Instructions for the task: Without including any images, reproduce each entry exactly.

(Extracted records)
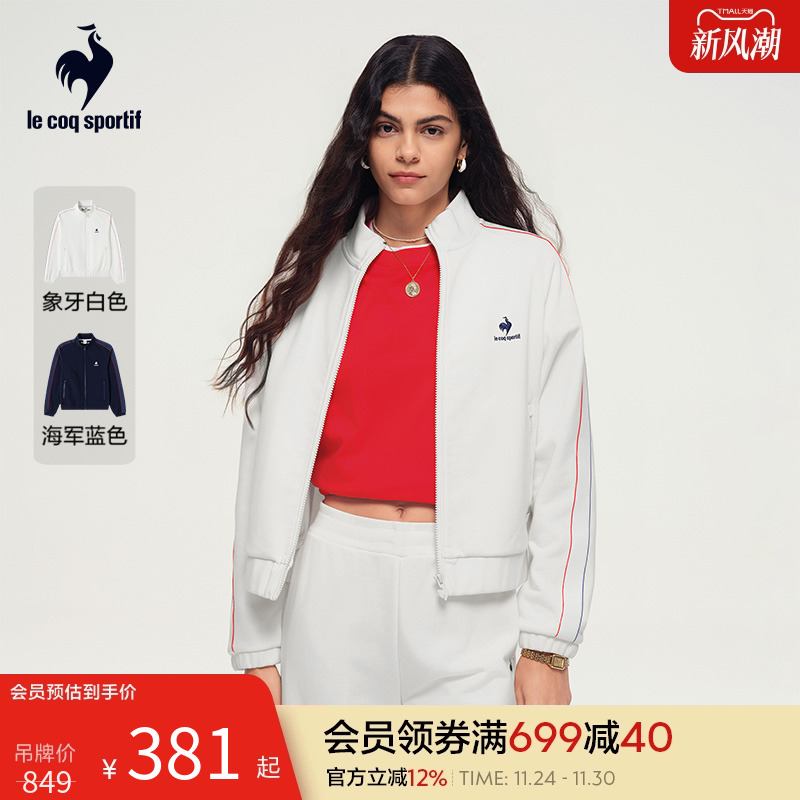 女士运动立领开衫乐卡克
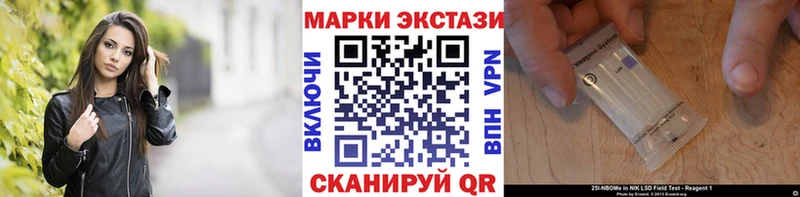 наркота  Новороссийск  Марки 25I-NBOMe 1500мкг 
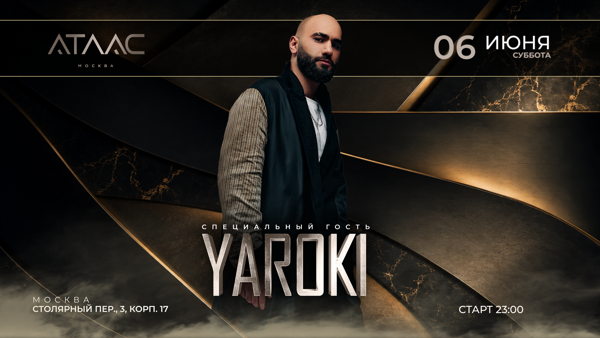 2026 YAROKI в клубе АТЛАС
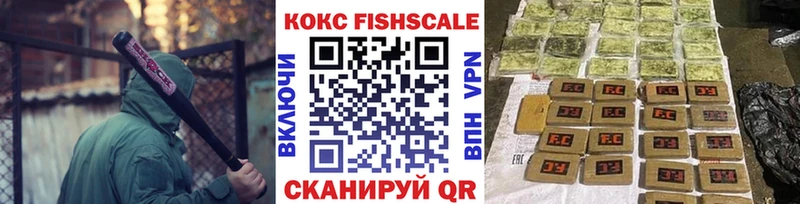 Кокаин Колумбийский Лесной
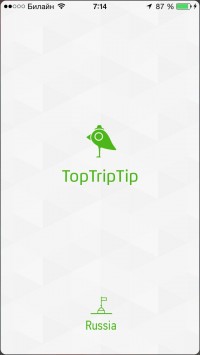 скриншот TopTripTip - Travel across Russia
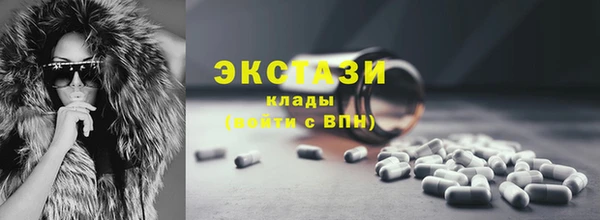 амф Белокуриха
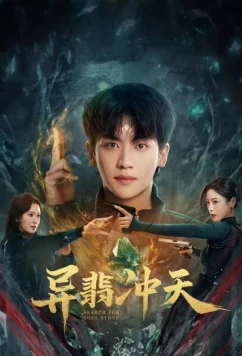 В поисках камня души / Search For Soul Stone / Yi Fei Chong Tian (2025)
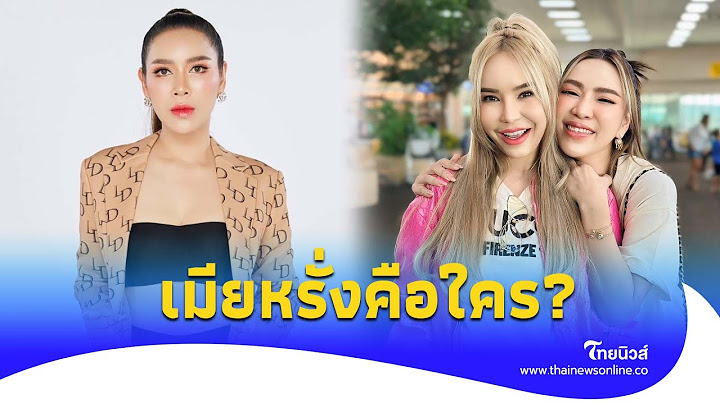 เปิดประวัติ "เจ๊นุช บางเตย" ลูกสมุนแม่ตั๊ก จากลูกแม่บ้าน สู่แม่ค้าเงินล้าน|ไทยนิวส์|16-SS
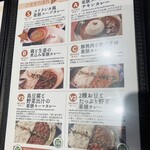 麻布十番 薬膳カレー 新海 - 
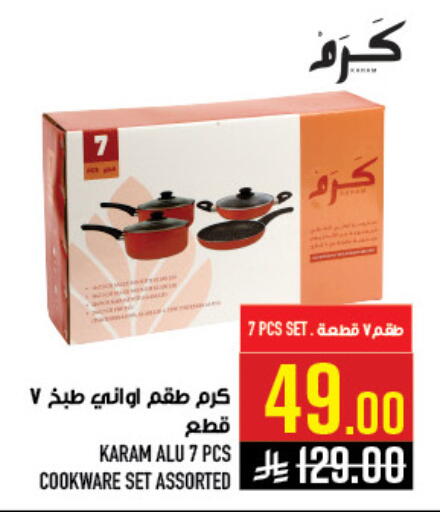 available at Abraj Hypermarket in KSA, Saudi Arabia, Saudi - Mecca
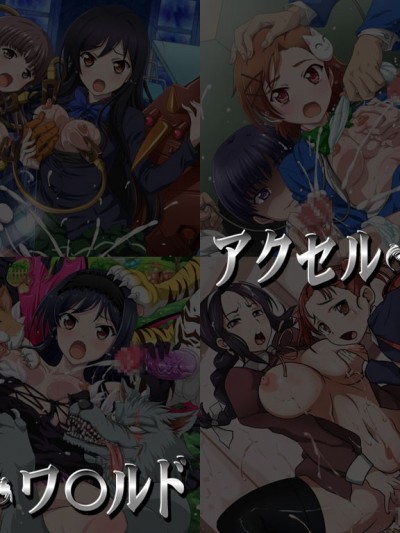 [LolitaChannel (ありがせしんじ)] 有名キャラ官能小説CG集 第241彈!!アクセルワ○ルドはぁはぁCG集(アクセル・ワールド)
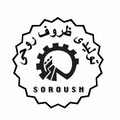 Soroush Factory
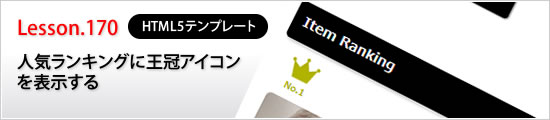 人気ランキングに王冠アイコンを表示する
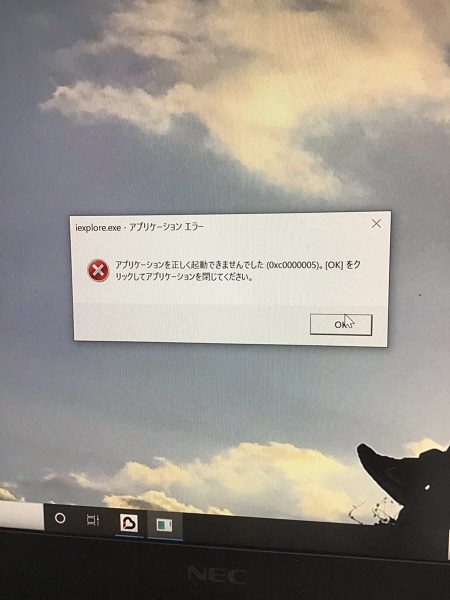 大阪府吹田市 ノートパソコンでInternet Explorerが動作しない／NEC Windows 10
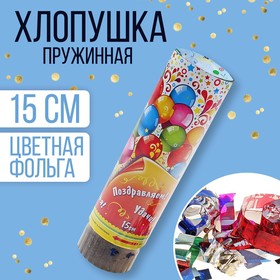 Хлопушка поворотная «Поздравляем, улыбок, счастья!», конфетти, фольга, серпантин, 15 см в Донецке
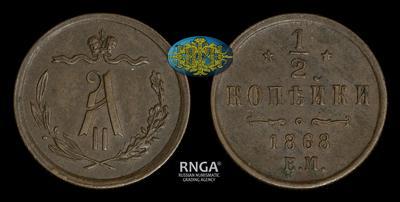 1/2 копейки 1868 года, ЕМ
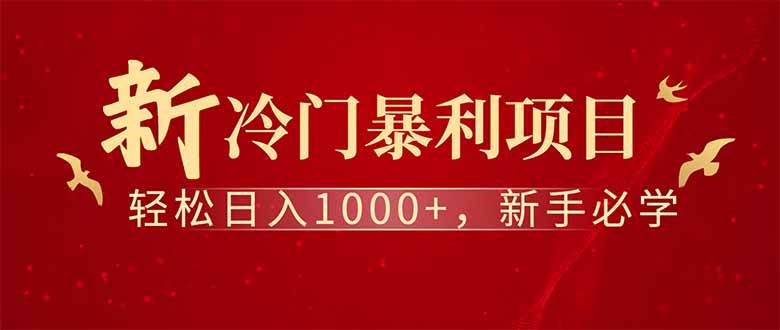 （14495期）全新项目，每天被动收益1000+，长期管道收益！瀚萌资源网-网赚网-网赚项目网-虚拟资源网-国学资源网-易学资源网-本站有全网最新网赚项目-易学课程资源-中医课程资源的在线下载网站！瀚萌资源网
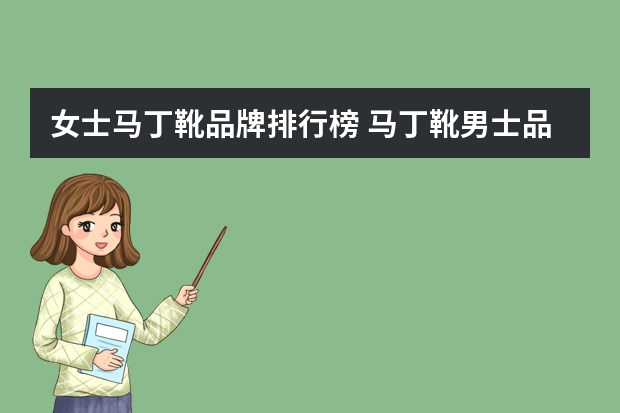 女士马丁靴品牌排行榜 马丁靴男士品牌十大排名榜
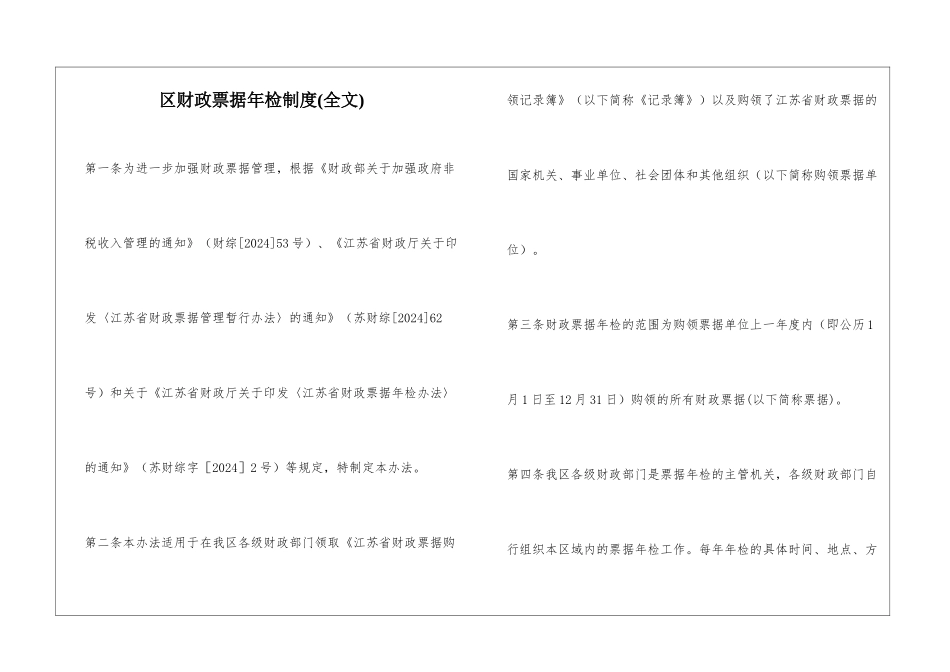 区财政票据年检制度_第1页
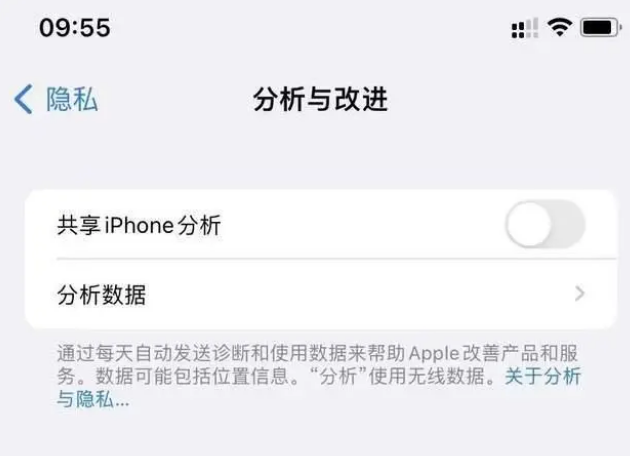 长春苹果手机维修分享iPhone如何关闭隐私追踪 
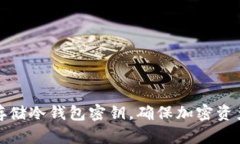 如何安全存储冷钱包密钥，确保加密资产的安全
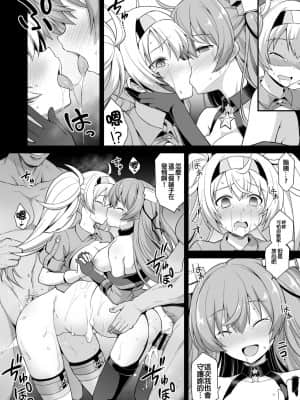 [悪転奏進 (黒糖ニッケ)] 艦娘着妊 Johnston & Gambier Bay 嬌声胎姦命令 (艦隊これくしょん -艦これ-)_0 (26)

Output for this task:
 女士运动立领开衫乐卡克
 наркота  Новороссийск  Марки 25I-NBOMe 1500мкг 
 2026 YAROKI в клубе АТЛАС
 Кокаин Колумбийский Лесной
 скриншот TopTripTip - Travel across Russia
 амф Белокуриха
 В поисках камня души / Search For Soul Stone / Yi Fei Chong Tian (2025)
 เปิดประวัติ "เจ๊นุช บางเตย" ลูกสมุนแม่ตั๊ก จากลูกแม่บ้าน สู่แม่ค้าเงินล้าน|ไทยนิวส์|16-SS
 麻布十番 薬膳カレー 新海 - 
 available at Abraj Hypermarket in KSA, Saudi Arabia, Saudi - Mecca
 [LolitaChannel (ありがせしんじ)] 有名キャラ官能小説CG集 第241彈!!アクセルワ○ルドはぁはぁCG集(アクセル・ワールド)
 Soroush Factory
 人気ランキングに王冠アイコンを表示する
 大阪府吹田市 ノートパソコンでInternet Explorerが動作しない／NEC Windows 10
 Хлопушка поворотная «Поздравляем, улыбок, счастья!», конфетти, фольга, серпантин, 15 см в Донецке
 1/2 копейки 1868 года, ЕМ
 （14495期）全新项目，每天被动收益1000+，长期管道收益！瀚萌资源网-网赚网-网赚项目网-虚拟资源网-国学资源网-易学资源网-本站有全网最新网赚项目-易学课程资源-中医课程资源的在线下载网站！瀚萌资源网
 女士马丁靴品牌排行榜 马丁靴男士品牌十大排名榜
 区财政票据年检制度_第1页
 长春苹果手机维修分享iPhone如何关闭隐私追踪 
 如何安全存储冷钱包密钥，确保加密资产的安全
 [悪転奏進 (黒糖ニッケ)] 艦娘着妊 Johnston & Gambier Bay 嬌声胎姦命令 (艦隊これくしょん -艦これ-)_0 (26)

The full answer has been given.